Exercise 1 Page 582

In all four options we have to perform a rotation of $90^{\circ }$ counterclockwise about the origin. There are two kinds of options we can choose from. First, by starting with a rotation of $90^{\circ }.$ Second, by starting with a translation.

Starting with a rotation

Let's begin by rotating $△ABC$ by $90^{\circ }$ about the origin. Performing such a transformation means the vertices of the figure change in the following way: Let's perform this rule on the given vertices of $△ABC.$

Point	$(a,b)$	$(\text{-}b,a)$
$A$	$(1,2)$	$(\text{-}2,1)$
$B$	$(3,4)$	$(\text{-}4,3)$
$C$	$(2,2)$	$(\text{-}2,2)$

Now we can draw $A^{\prime }{B}^{\prime }{C}^{\prime }.$

From the diagram, we can see that $A^{\prime }{B}^{\prime }{C}^{\prime }$ has the same orientation as $DEF.$ Additionally, $C^{\prime }$ and $F$ are corresponding vertices. Therefore, if we translate $△A^{\prime }{B}^{\prime }{C}^{\prime }$ $3$ units to the right and $4$ units down, we can map $C^{\prime }$ to $F.$

The transformation we have performed does not match either of the two options where the rotation of $90^{\circ }$ comes first.
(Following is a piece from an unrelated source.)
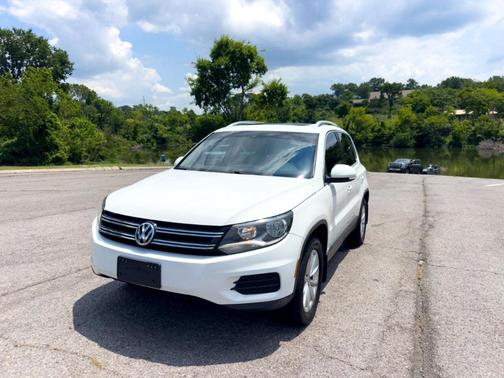 2017 Volkswagen Tiguan 2.0T Wolfsburg Edition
Starting with a translation

Let's arbitrarily choose to perform the first transformation, option $B.$ This starts with a translation of 4 units to the left and 3 units down

Using the same rule as previously stated, we can determine the coordinates of the vertices of $A^{\prime \prime }{B}^{\prime \prime }{C}^{\prime \prime }$ after a $90^{\circ }$ rotation about the origin

Point	$(a,b)$	$(\text{-}b,a)$
$A^{\prime }$	$(\text{-}5,\text{-}1)$	$(1,\text{-}5)$
$B^{\prime }$	$(\text{-}1,1)$	$(\text{-}1,\text{-}1)$
$C^{\prime }$	$(\text{-}2,\text{-}1)$	$(1,\text{-}2)$

Now we can draw $A^{\prime \prime }{B}^{\prime \prime }{C}^{\prime \prime }.$

As we can see, option B transforms $△ABC$ to $△DEF.$